Der ganze Vorgang sollte etwa zwei Wochen dauern und kostet eine
Bearbeitungsgebühr. Danach: Happy Travels!
- Reisen innerhalb der Semesterzeit: Sind möglich. Man darf in der Regel
zwei Veranstaltungen fehlen. Einige Dozenten haben uns sogar animiert, die
Zeit auch zu nutzen, um China außerhalb Schanghais zu entdecken. Neben
dem Dozenten muss man auch der Studiengangskoordination Bescheid
geben.
- Shanghai Library: Unser Studiengang bot zwar einen eigenen Lern- und
Arbeitsraum, mein Tipp zum konzentrierten Arbeiten ist jedoch die Shanghai
Library, die nur eine Station mit der Line 10 vom Xuhui Campus entfernt liegt.
Der vierte Stock bietet eine große Auswahl ausländischer Fachliteratur, Copy-
-
-
Center und gemütliche Arbeitsplätze.

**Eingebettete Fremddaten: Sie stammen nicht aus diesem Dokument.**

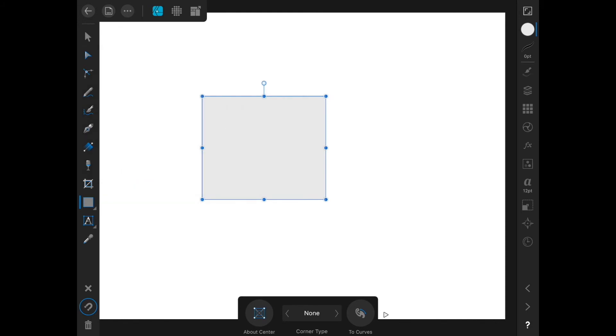We'll talk about more gestures as we look at the different tools in Infinity Designer, but these are just a few to help you get started. In the next movie, we'll talk about the move tool.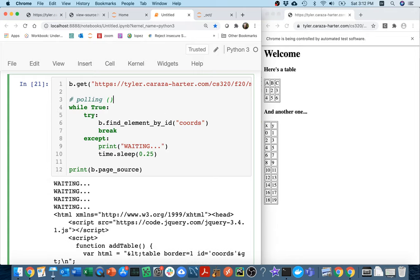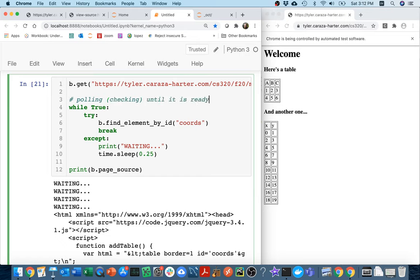This is an example of polling. And by polling, I mean checking until it is ready. So polling is a common strategy. Check. Are you ready now? Are you ready now? Are you ready now? Kind of like a child in the backseat on a long car trip. They keep asking, are we there yet? And sometimes in programming, that's the appropriate thing to do.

Der Leseausweis ist kostenlos und
erfordert nur das Mitbringen des Reisepass.
Internetzugang: Internetzensur erlebt man in Shanghai hautnah. Richtet
Euch dringend vor Anreise den VPN Client der Uni Bremen ein, mit dem ihr
(auf Kosten der Geschwindigkeit) die meisten Internetsperren umgehen
könnt. Ohne VPN sind google, Facebook und co. gesperrt.
Essen: Schanghais Küchen lassen eigentlich keine Wünsche offen. Wenn
man sich jedoch ab und an mal nach frischem deutschem Brot sehnt, ist die
Bäckerskette „Abendbrot“ die mit Abstand beste Wahl. Es schmeckt wirklich
wie zu Hause!
Fazit
China ist ein Abenteuer das einen zuweilen inspiriert, zuweilen verwirrt und zu
weilen auch überfordert. Aufgrund meines Schwerpunkts im Studium auf
aufstrebende Volkswirtschaften war mein Semester eine tägliche Inspirationsquelle.
Die sprachlichen, kulturellen und nicht zuletzt kulinarischen Unterschiede zu
Deutschland sind enorm, machen das Land aber auch gerade deshalb zu einem
faszinierenden Ort. Einige Tage werden einen frustrieren, andere Tage hingehen
sehr beglücken. Auch deshalb ist China ein Land der Extreme. Ich möchte die
Erfahrungen daher unter keinen Umständen missen und kann mir im Nachhinein
eine professionelle Verbindung zu China im Berufsleben sehr gut vorstellen.